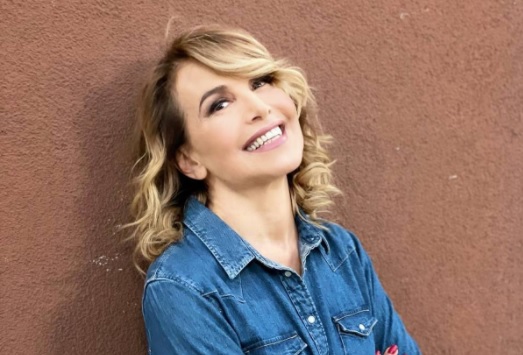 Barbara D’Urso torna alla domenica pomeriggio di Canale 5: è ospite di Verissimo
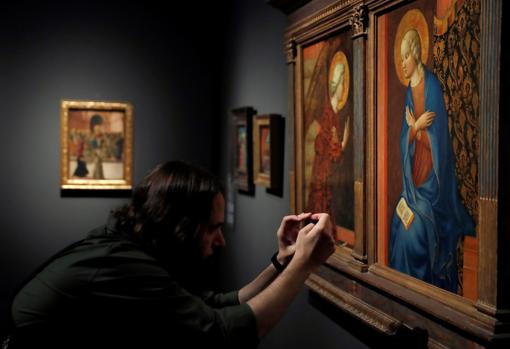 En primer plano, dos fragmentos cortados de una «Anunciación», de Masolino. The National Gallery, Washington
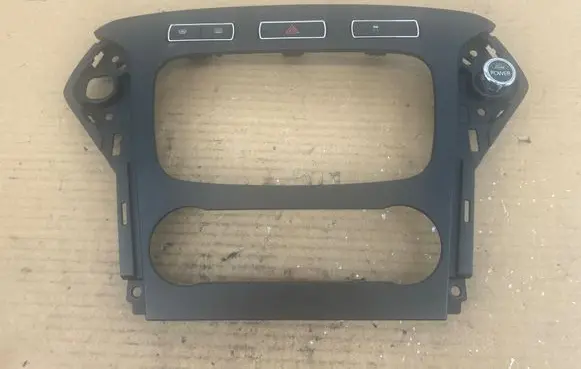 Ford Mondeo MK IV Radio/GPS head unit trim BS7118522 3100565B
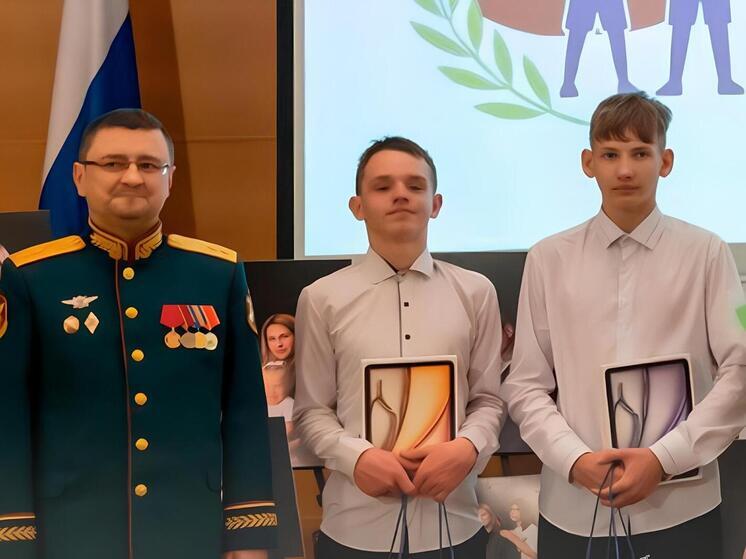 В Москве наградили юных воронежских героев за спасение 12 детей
---
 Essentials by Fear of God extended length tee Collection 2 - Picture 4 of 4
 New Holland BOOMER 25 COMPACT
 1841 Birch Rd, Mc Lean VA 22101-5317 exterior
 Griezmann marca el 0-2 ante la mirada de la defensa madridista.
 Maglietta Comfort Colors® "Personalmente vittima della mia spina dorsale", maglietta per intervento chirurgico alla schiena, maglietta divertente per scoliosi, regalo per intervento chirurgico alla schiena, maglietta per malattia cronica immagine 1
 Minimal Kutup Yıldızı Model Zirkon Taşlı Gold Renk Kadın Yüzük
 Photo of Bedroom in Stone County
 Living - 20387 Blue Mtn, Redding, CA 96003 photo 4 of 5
--
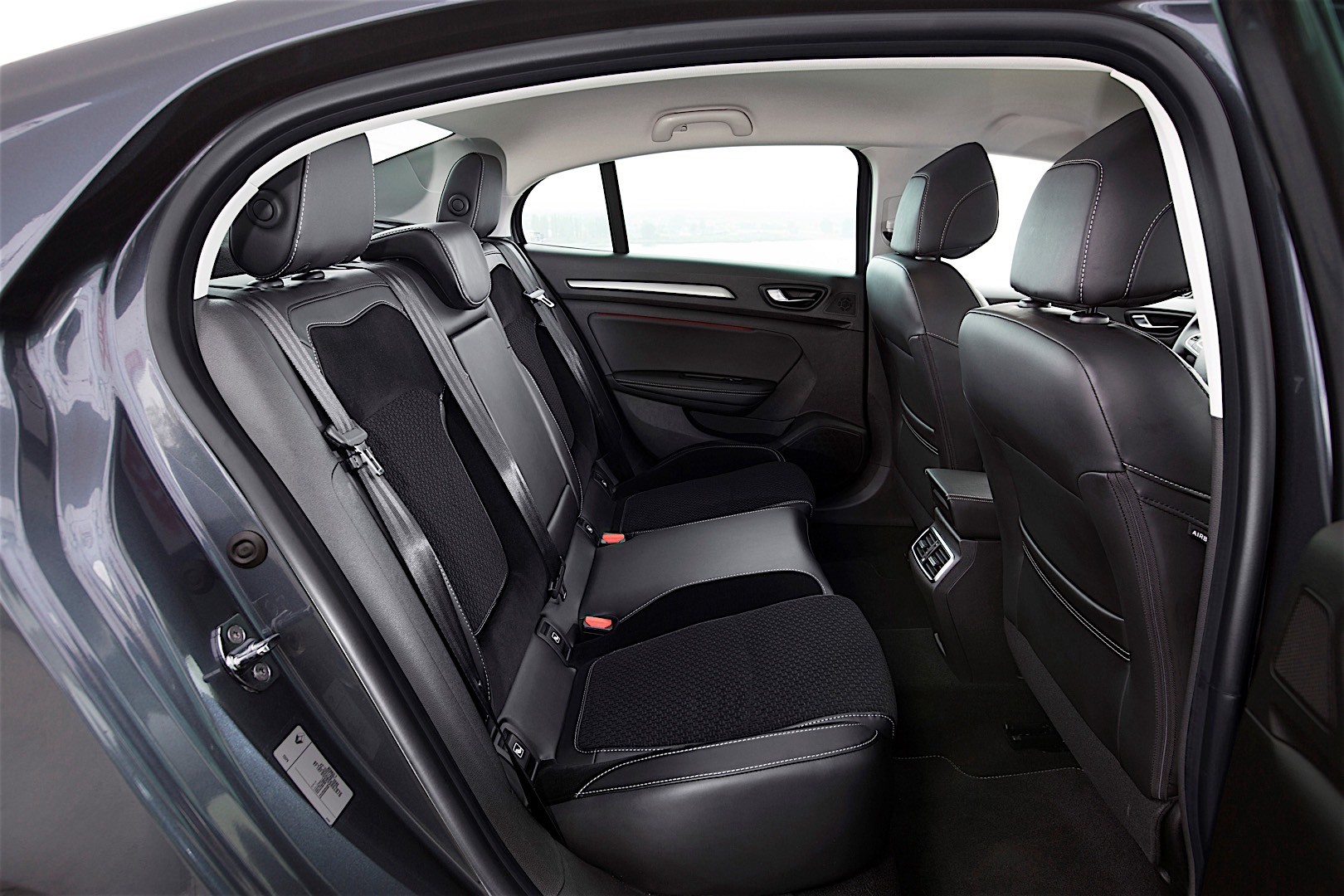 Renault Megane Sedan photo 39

■ **WORK ORDER**:
An exact copy is needed. It runs from the line above containing "Ford Mondeo MK" down to the line containing "В Москве наградили", both included, with no pictures.

■ **WRITTEN RESPONSE**:
 Ford Mondeo MK IV Radio/GPS head unit trim BS7118522 3100565B
 В Москве наградили юных воронежских героев за спасение 12 детей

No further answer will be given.